Here is an example for meta.json:

{
    "name": "try_algo1",
    "resource_spec": {
        "client1": {
            "num_gpus": 1,
            "mem_per_gpu_in_GiB": 1
        },
        "client2": {
            "num_gpus": 1,
            "mem_per_gpu_in_GiB": 1
        }
    },
    "deploy_map": {
        "hello-numpy-sag-server": [
            "server"
        ],
        "hello-numpy-sag-client": [
            "client1",
            "client2"
        ],
        "hello-numpy-sag-client3": [
            "client3"
        ]
    },
    "min_clients": 2,
    "mandatory_clients": [
        "client1",
        "client2"
    ]
}

Pay attention to the following:

  • name: user provided name for the job

  • resource_spec: resources required to perform this job at each site

  • deploy_map: what apps go to which sites (see Deploy Map)

  • min_clients: minimum clients required for this job

  • mandatory_clients: mandatory clients required for this job

The system also keeps additional information about the job such as:

  • Submitter name

  • Time of submission

  • Current status of the job (submitted, approved, running, completed, etc.)

  • Location of the final result

Resources

For a job to be runnable, the system must have sufficient resources: all relevant sites of the job must be able to support the job’s specified resource requirements. Since resource is a generic concept - anything could be regarded as a resource - NVIDIA FLARE 2.1.0 itself does not define any specific resources. Instead, NVIDIA FLARE provides a general framework for resource definition and interpretation.

Deploy Map

The deploy_map is a map of which apps in the job being uploaded will be deployed to which FL client sites. Back in NVIDIA FLARE before 2.1.0, the admin command “deploy_app” was used to manually perform app deployment with the option to specify which sites to deploy to. Because the JobRunner now automatically picks up and handles the deployment and running of apps, it needs information about which sites each app should be deployed to, and it gets it from the deploy_map section of meta.json.

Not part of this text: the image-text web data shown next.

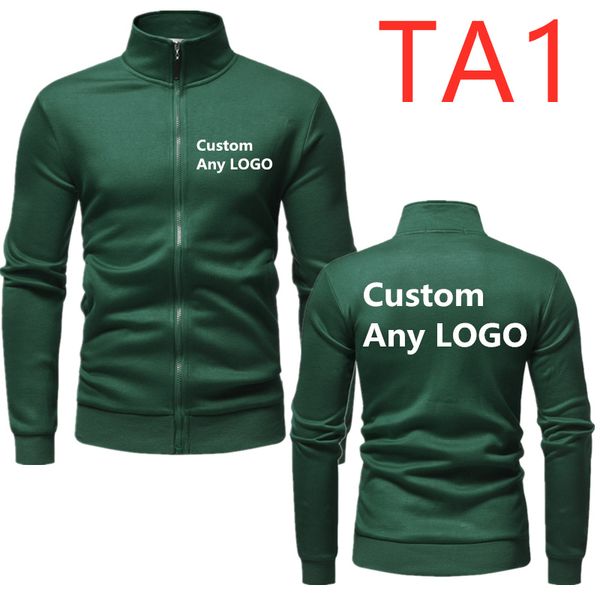 

ta1 new men's casual hoodie customize any logo zipper printing autumn winter fashion popular hoodie men longsleeved jacket, Black;brown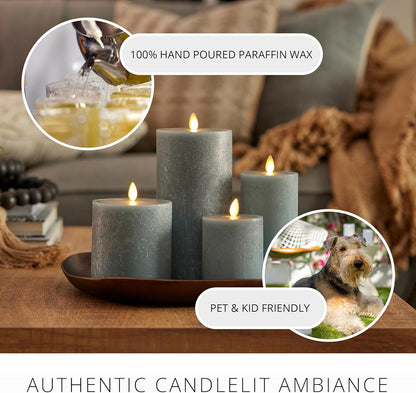 Luminara Seaglass Moving Flame Rechargeable Flameless Indoor LED Candle, Type-C (Like New)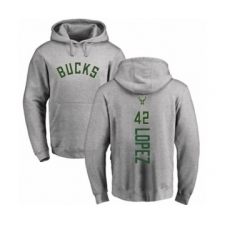 Basketball Milwaukee Bucks #42 Robin Lopez Ash Backer Pullover Hoodie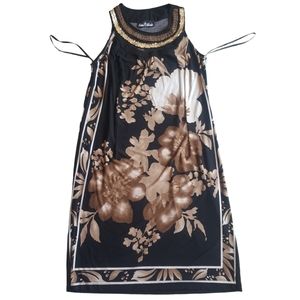 Vintage sepia floral midi dress sequined neck halter, M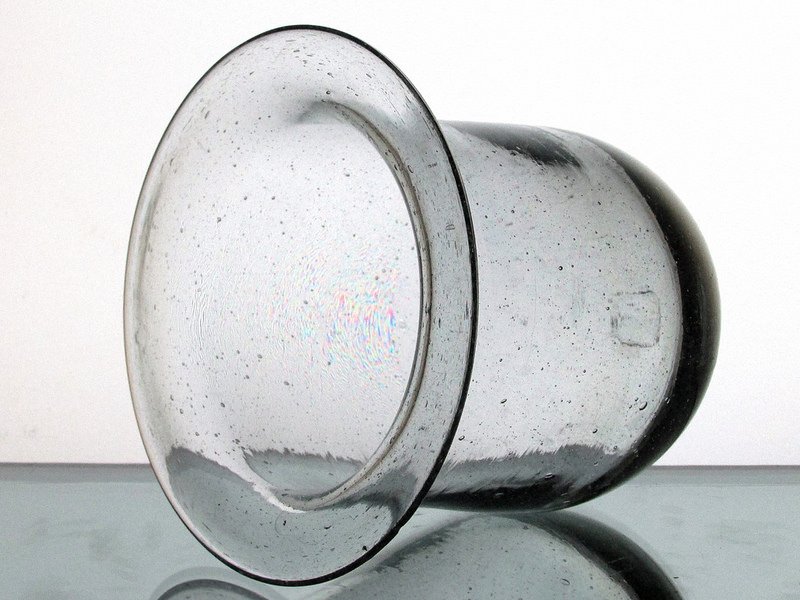 Hanging Candle Holder Flat Rim 5 1/8 x 5 HCH009 Clear Bubble Glass OOS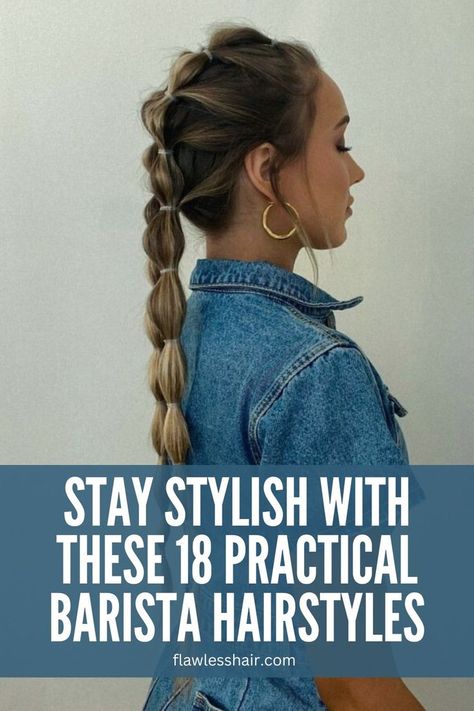 Two Bubble Braids Two Bubble Braids, Barista Hairstyles, Bubble Braid Ponytail, Bubble Braid, Braid Ponytail, Bubble Braids, Work Hairstyles, Braided Ponytail, Braided Hairstyles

Each app specified in the deploy_map must be included in the job being uploaded as an app folder directly in the job folder with meta.json.

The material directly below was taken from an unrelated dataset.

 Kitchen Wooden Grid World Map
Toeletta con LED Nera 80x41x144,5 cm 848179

There is only one server, and only one app can be deployed to it for the Job, so “server” can appear only once in the deploy_map.

The deploy_map cannot be empty, so the following is not allowed:

"deploy_map": {}

When specified as a site name, “@ALL” carries a special meaning of all sites to deploy to. If “@ALL” is used, there should be no other apps being deployed to the sites. This means the following example of deploy_map is not allowed:

"deploy_map": {
    "app1": ["@ALL"], "app2": ["site-1"]
}

If an empty list of sites is specified for an app in the deploy_map, then that app is to be deployed to no sites, and no validation is done other than checking that the folder exists. This is the case for “app2” in the following valid example of deploy_map for a job containing app1 and app2:

"deploy_map": {
    "app1": ["@ALL"], "app2": []
}

Resource-less Jobs

Similarly, for simple FL jobs or in POC mode, resources are not a concern. In this case, the resource spec can be omitted from the job definition. The FL client always answers “Yes” when asked whether it can run a job without required resources.

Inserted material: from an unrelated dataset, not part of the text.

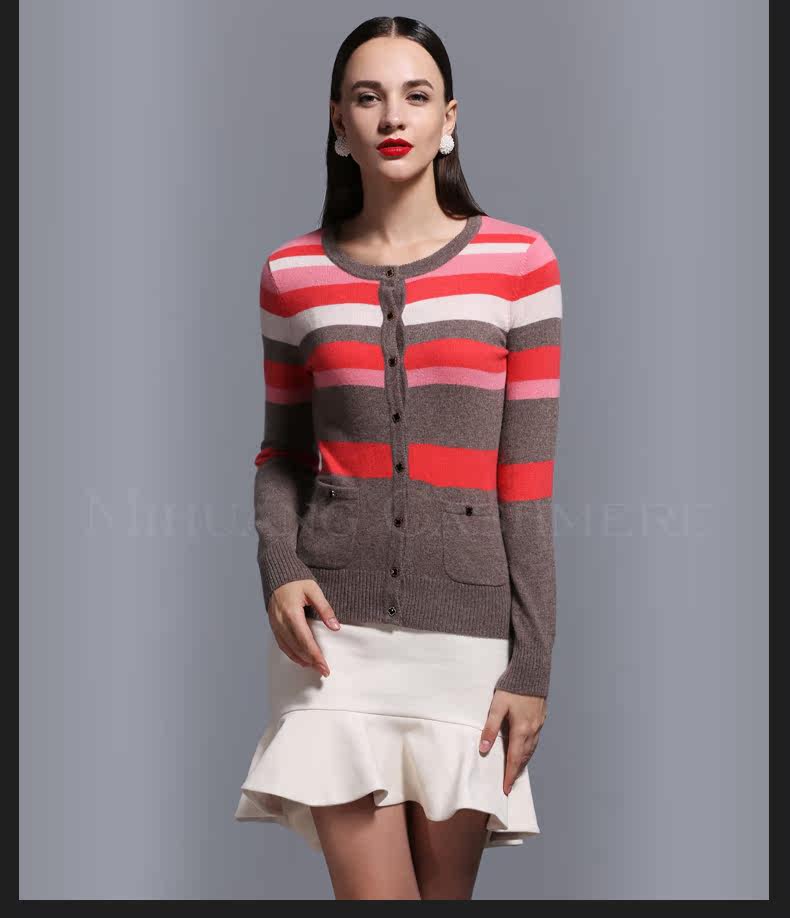 <em>米皇</em> 女式<em>羊绒开衫</em>秋 经典条纹圆领长袖纯<em>羊绒</em>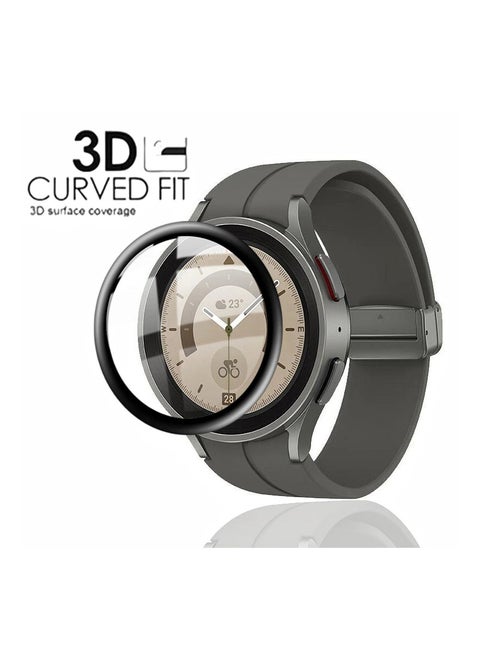 Samsung Galaxy Watch 5 Pro Screen Protector 45mm, Full Cover 3D Curved Screen Protector for Samsung Galaxy Watch 5 Pro 45mm Black/Clear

Resource-Based Job Automation

Each job specifies resource requirements (the resource_spec in the meta.json), which is expressed as a Python dictionary: the key/value pairs can specify any arbitrary requirement as configured in the Resource Manager and Resource Consumer.

There is a Job Scheduler on the Server, which decides whether a job is runnable. It asks these clients whether they can run the job, given the resource requirements (note: the job could have different requirements for different clients).

On each client, there is a Resource Manager component, it will check whether the resource requirements coming from a job can be satisfied (using a check_resources method).

If runnable clients meet the job’s client requirements (minimum number of clients and mandatory clients), then the job is runnable for the system, and the job is dispatched to these clients.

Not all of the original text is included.